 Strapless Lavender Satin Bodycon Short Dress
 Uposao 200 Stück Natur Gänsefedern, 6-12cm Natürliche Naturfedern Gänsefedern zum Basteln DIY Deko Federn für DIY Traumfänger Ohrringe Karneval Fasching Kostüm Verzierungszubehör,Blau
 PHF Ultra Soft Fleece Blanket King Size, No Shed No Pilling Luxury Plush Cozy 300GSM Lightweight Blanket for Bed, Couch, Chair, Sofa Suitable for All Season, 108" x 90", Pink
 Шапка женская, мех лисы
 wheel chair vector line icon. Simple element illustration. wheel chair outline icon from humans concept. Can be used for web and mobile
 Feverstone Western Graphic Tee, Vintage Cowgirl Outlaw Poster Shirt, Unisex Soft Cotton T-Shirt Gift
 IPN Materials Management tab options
**********
- Exercise
Only the lines from the one containing "PHF Ultra Soft" through the final line of the data belong in the answer, repeated exactly.

- Expected answer
 PHF Ultra Soft Fleece Blanket King Size, No Shed No Pilling Luxury Plush Cozy 300GSM Lightweight Blanket for Bed, Couch, Chair, Sofa Suitable for All Season, 108" x 90", Pink
 Шапка женская, мех лисы
 wheel chair vector line icon. Simple element illustration. wheel chair outline icon from humans concept. Can be used for web and mobile
 Feverstone Western Graphic Tee, Vintage Cowgirl Outlaw Poster Shirt, Unisex Soft Cotton T-Shirt Gift
 IPN Materials Management tab options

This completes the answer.